Trinity senior LaRonda Peterson, DSG vice president for community interaction and chair of the ICC, said she thought the process was fair.

"I felt like my letter was very clear and I made myself available for any questions or any problems," Peterson said. "For future reference, I would appreciate any feedback on" applicants' opinions about the clarity of the process.

In her letter, which was attached to all young-trustee applications, Peterson characterized the position as "the most influential role you have as a Duke student since the Board of Trustees makes all final decisions concerning the University. Therefore, you need to be knowledgeable in all the issues confronting Duke and its students. It is also important that you examine these issues from a holistic point of view."
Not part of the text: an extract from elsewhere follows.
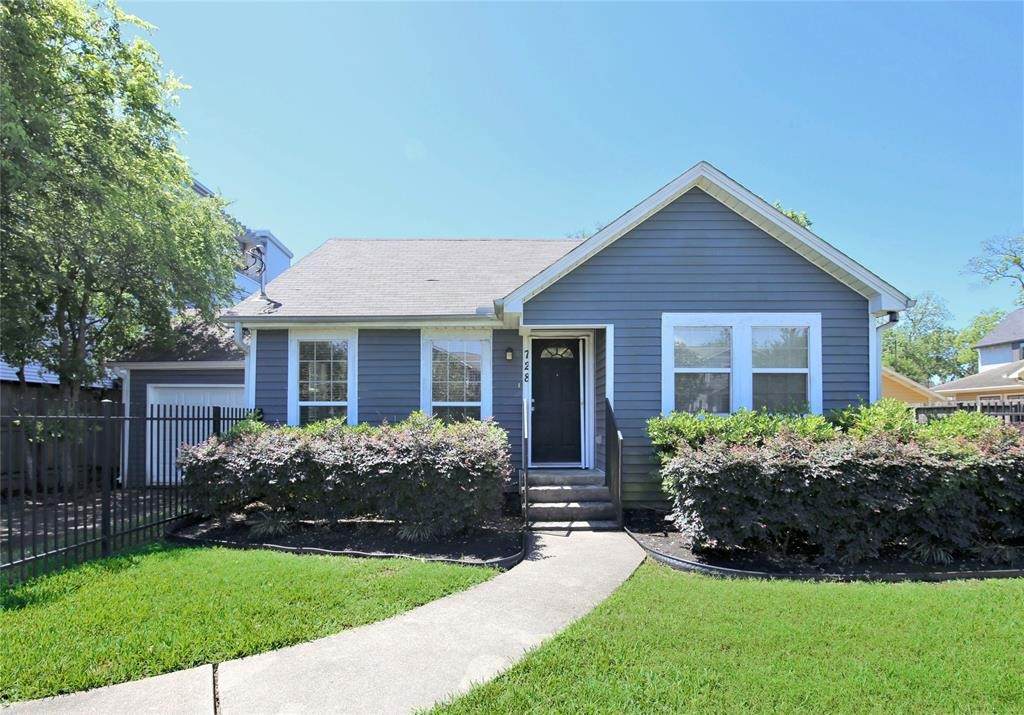 728 13th - Photo 1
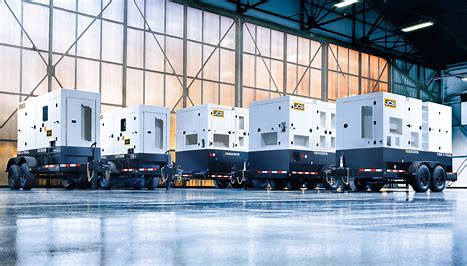 Global Power Rental Market 2021 Analysis Report by Recent Developments and Emerging Technologies Till 2027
Regarding the role of the young trustee on the board, Peterson stated in the letter, "The Young Trustees knows [sic] Duke and knows what it is like to be a Duke student, something most of the Board members do not know, so their input is invaluable. It is very important that each new Young Trustee maintain the level of excellence established by the previous trustees, so that the Board will continue to value this position."
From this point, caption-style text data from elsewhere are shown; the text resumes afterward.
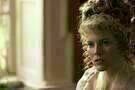 Love and Friendship 12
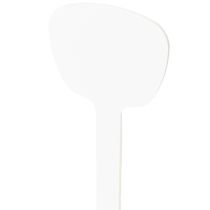 Prodotto Etichetta per piante 16 cm 10 pezzi.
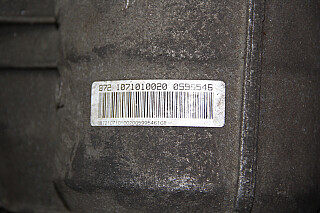 28K60105_5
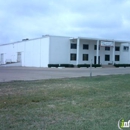 M & M Merchandisers Inc - Consumer Electronics
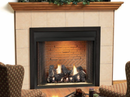 Empire | 42" Breckenridge Premium Vent-Free Firebox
Engineering senior Imron Aly and Trinity sophomore Tina Covington, neither of whom received interviews with the ICC, said that despite the letter, they also were unsure of the ICC's criteria and therefore did not know how to shape their applications to fit those standards.

But Trinity senior Christian Grose, an applicant and former DSG vice president for academic affairs, said that he did not think that criticisms about that aspect of the process were valid.

"I feel that there's a suitable amount of information to guide people along," Grose said. "If people really want it, they should do research" about the position. Applying to be young trustee is like applying for a job, Grose said; it is the applicant's responsibility--not the company's-- to make sure that he is informed about the position.

Trinity senior and applicant Wayne Taitt, immediate past president of the class of 1996 and former member of the ICC, said that although he thought the process was fair, it could use more clarification in the beginning stages so that people considering applying are aware of the criteria.

Both Grose and Taitt were among the seven students interviewed by the ICC.

One young trustee is selected each year from the undergraduate population. Sophomores, juniors and seniors are eligible to apply for the position, which consists of one three-year term on the Board of Trustees. During the first year, the young trustee serves as a non-voting observer, and for the next two as a full voting member of the board.

The Graduate and Professional Student Council elects one young trustee every three years. A new one will be selected this year.